_EXERCISE_
Quote all of the data that follows exactly as written, skipping the images.

_INPUT_
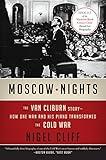 Moscow Nights: The Van Cliburn Story--How One Man and His Piano Transformed the Cold War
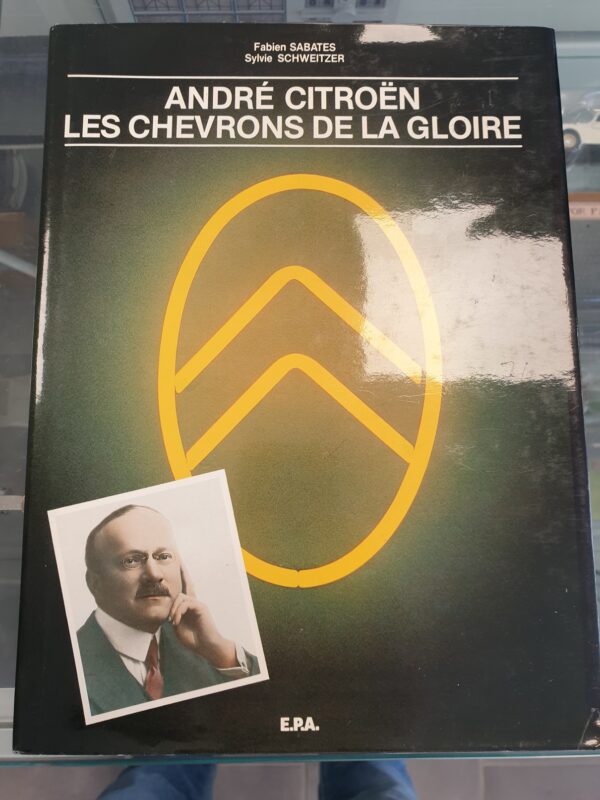 Livre André Citroën Les chevrons de la gloire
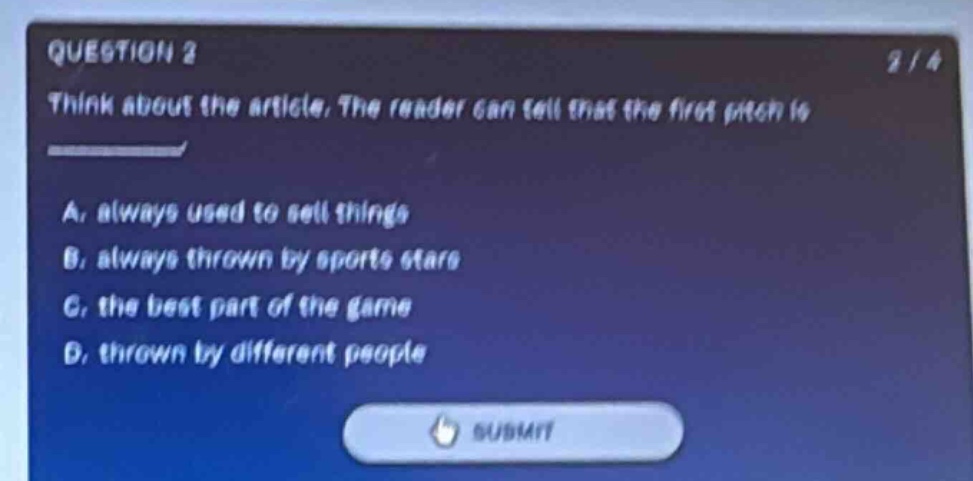 question 2 think about the article. the reader can tell that the first …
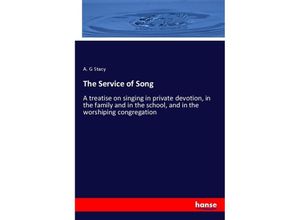 9783337619633 - The Service of Song - A G Stacy Kartoniert (TB)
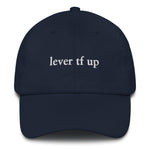 Load image into Gallery viewer, Lever tf up Dad Hat
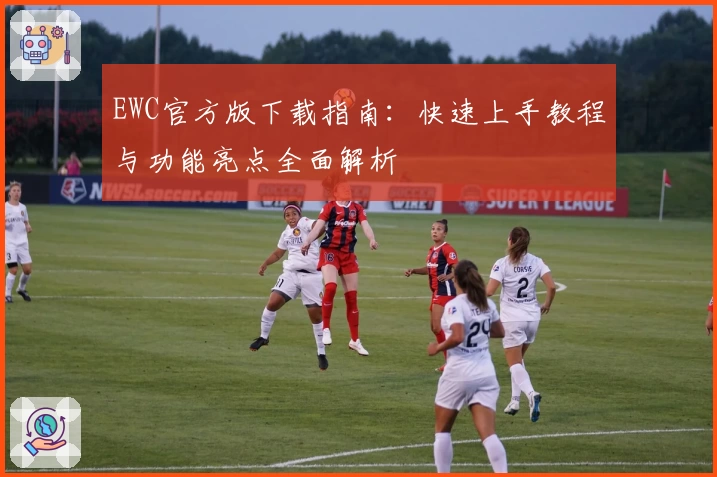 EWC官方版下载指南：快速上手教程与功能亮点全面解析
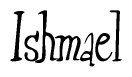 The image contains the word 'Ishmael' written in a cursive, stylized font.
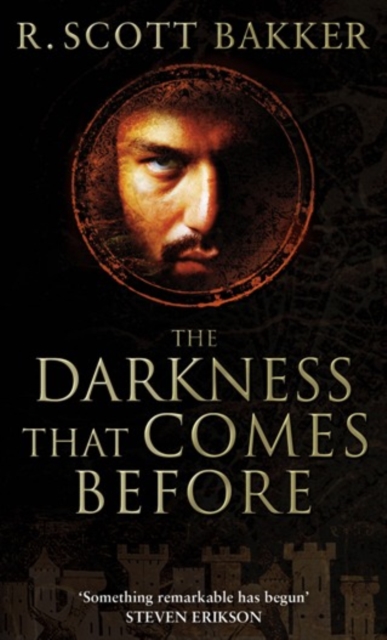 The Darkness That Comes Before : Book 1 of the Prince of Nothing, EPUB eBook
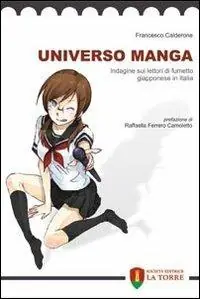 Universo manga. Indagine sui lettori di fumetto giapponese in Italia Nuova Collezione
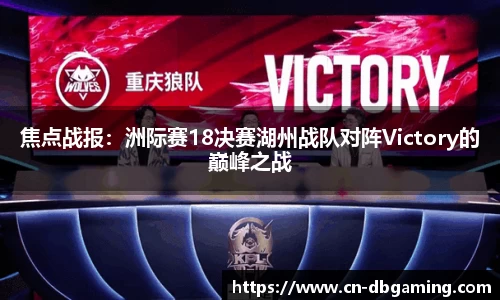 焦点战报：洲际赛18决赛湖州战队对阵Victory的巅峰之战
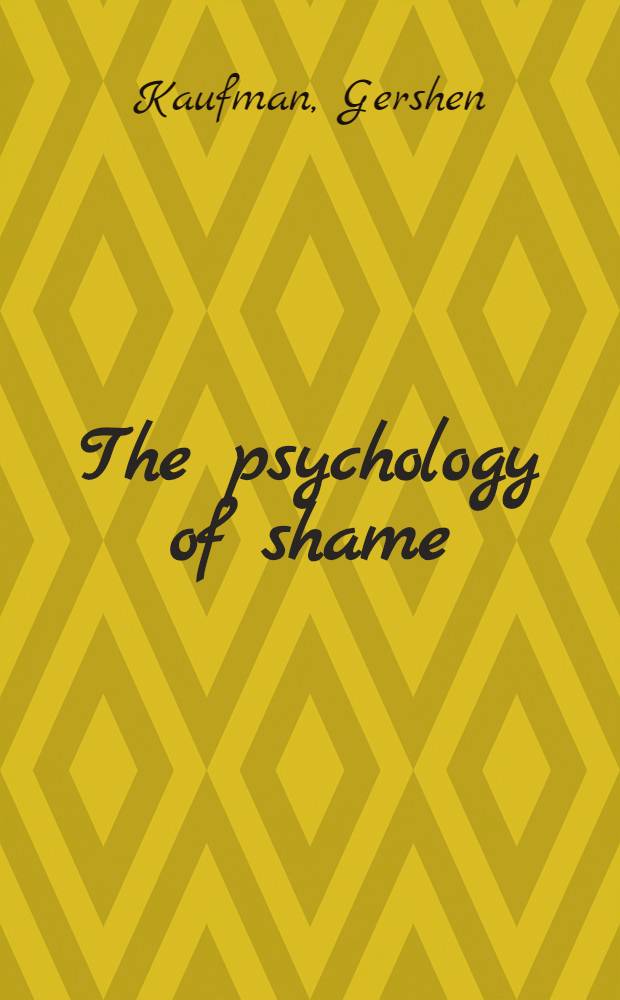 The psychology of shame : Theory a. treatment of shame-based syndromes = Психология стыда.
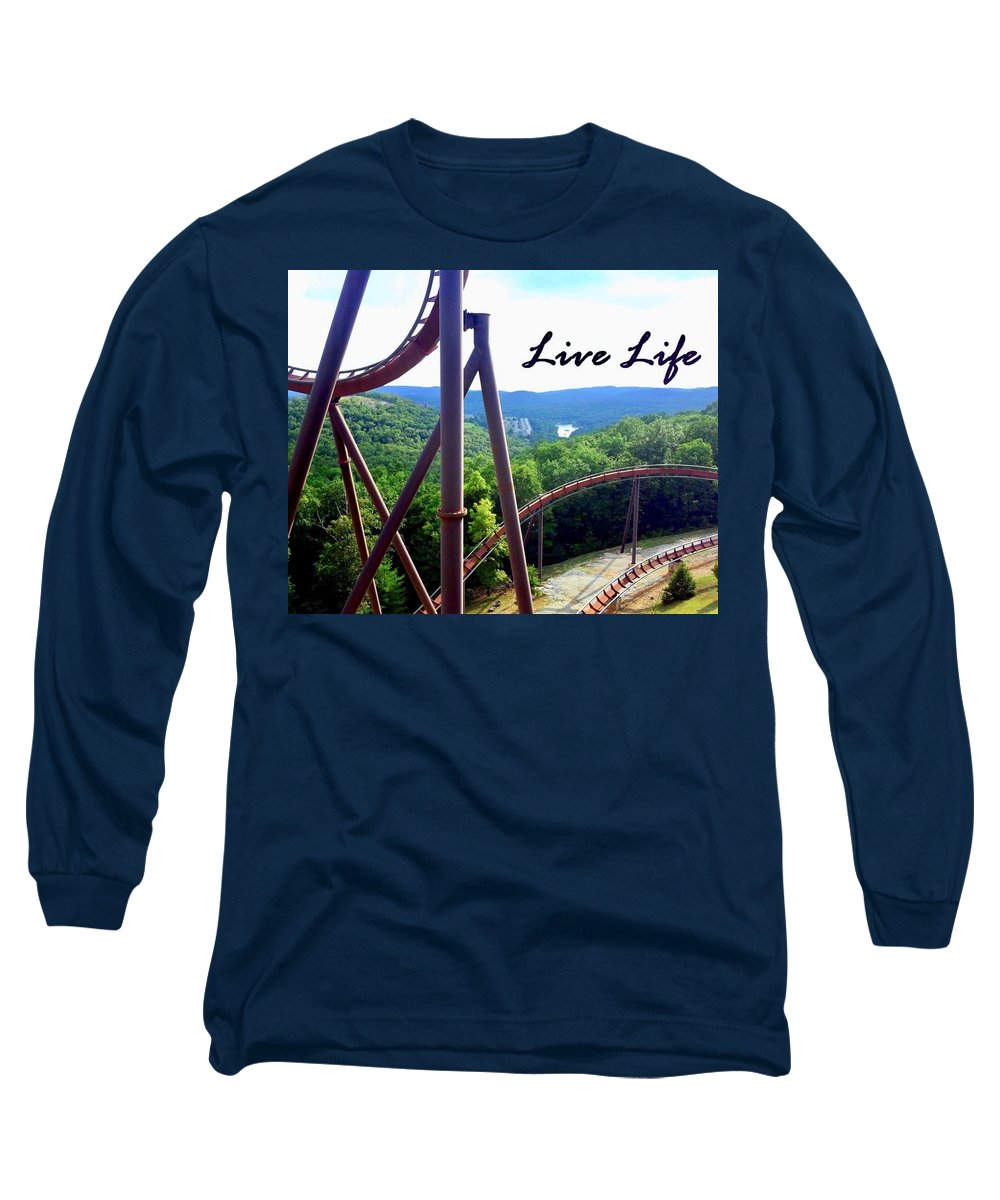Live Life - Long Sleeve T-Shirt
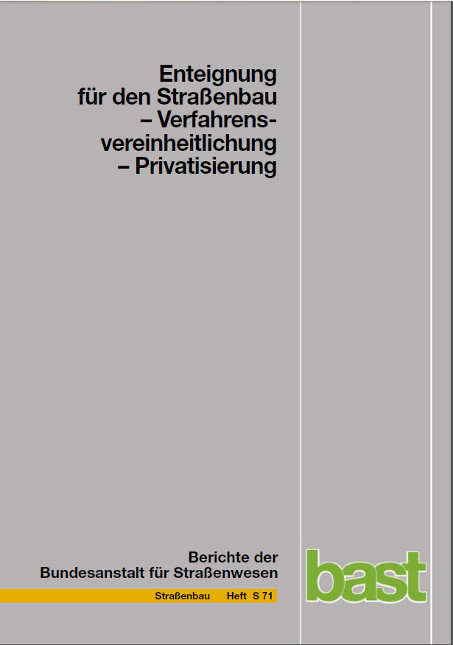 Enteignung für den Straßenbau -Verfahrens-Vereinheitlichung-Privatisierung - Wolfgang Durner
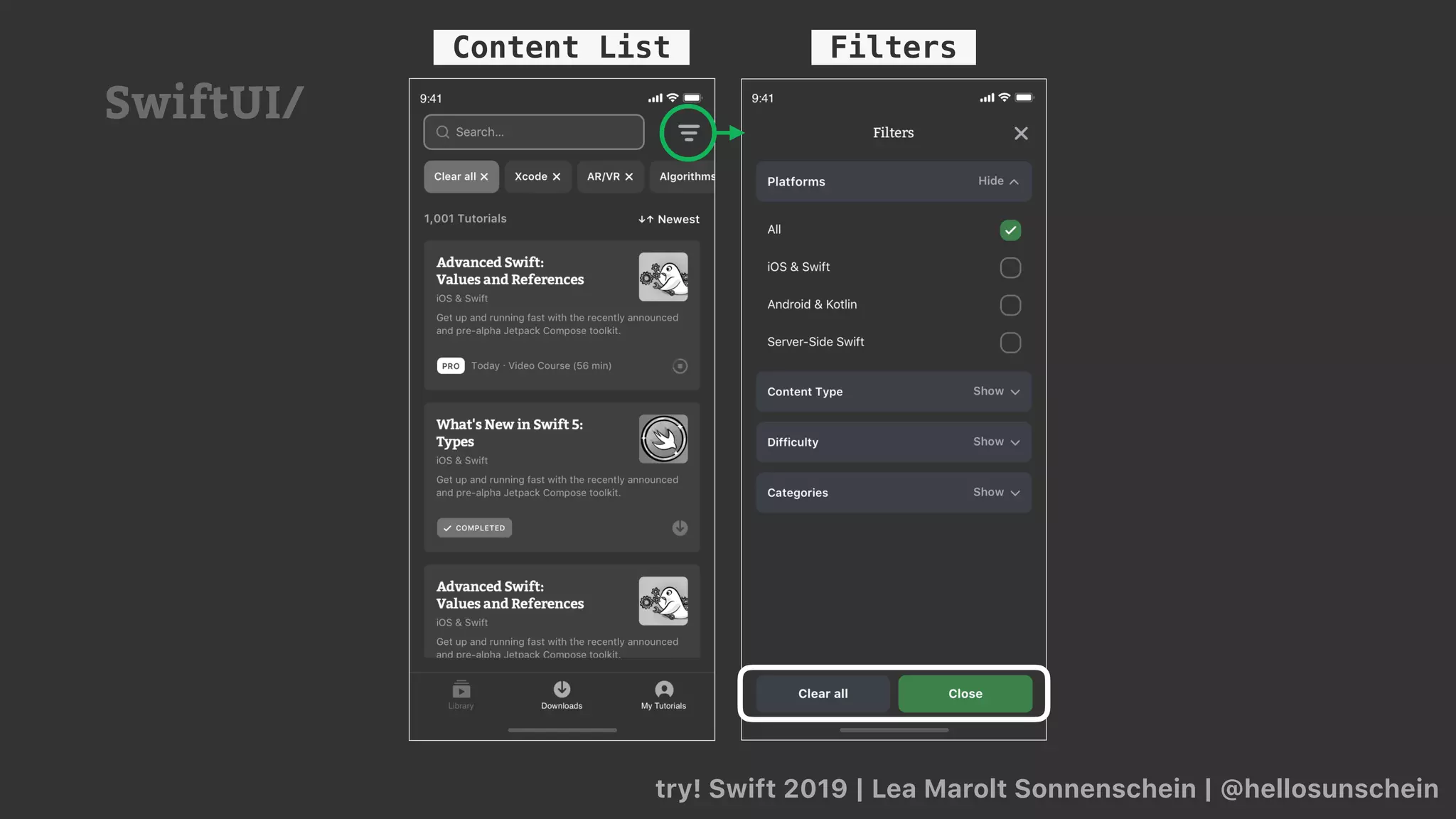 Content List Filters
try! Swift 2019 | Lea Marolt Sonnenschein | @hellosunschein
SwiftUI/
 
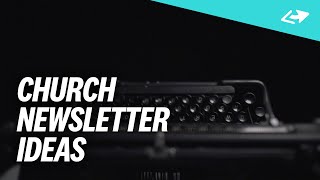 7 Proven Church Newsletter Ideas That Really Work [upl. by Anier]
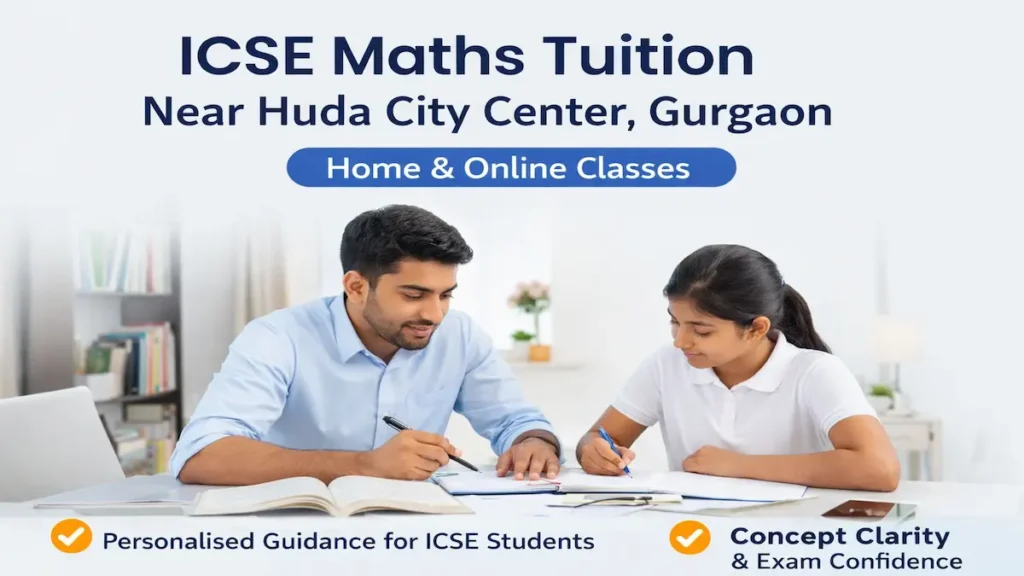 ICSE maths tuition near Huda City Center Gurgaon with personalised home and online classes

_RESPONSE TO THIS TASK_
 Moscow Nights: The Van Cliburn Story--How One Man and His Piano Transformed the Cold War
 Livre André Citroën Les chevrons de la gloire
 question 2 think about the article. the reader can tell that the first …
 9783337619633 - The Service of Song - A G Stacy Kartoniert (TB)
 Load image into Gallery viewer, Lever tf up Dad Hat
 EWC官方版下载指南：快速上手教程与功能亮点全面解析
 The image contains the word 'Ishmael' written in a cursive, stylized font.
 The Darkness That Comes Before : Book 1 of the Prince of Nothing, EPUB eBook
 Universo manga. Indagine sui lettori di fumetto giapponese in Italia Nuova Collezione
 焦点战报：洲际赛18决赛湖州战队对阵Victory的巅峰之战
 The psychology of shame : Theory a. treatment of shame-based syndromes = Психология стыда.
Live Life - Long Sleeve T-Shirt
 Enteignung für den Straßenbau -Verfahrens-Vereinheitlichung-Privatisierung - Wolfgang Durner
 Content List Filters
try! Swift 2019 | Lea Marolt Sonnenschein | @hellosunschein
SwiftUI/
 
 7 Proven Church Newsletter Ideas That Really Work [upl. by Anier]
 ICSE maths tuition near Huda City Center Gurgaon with personalised home and online classes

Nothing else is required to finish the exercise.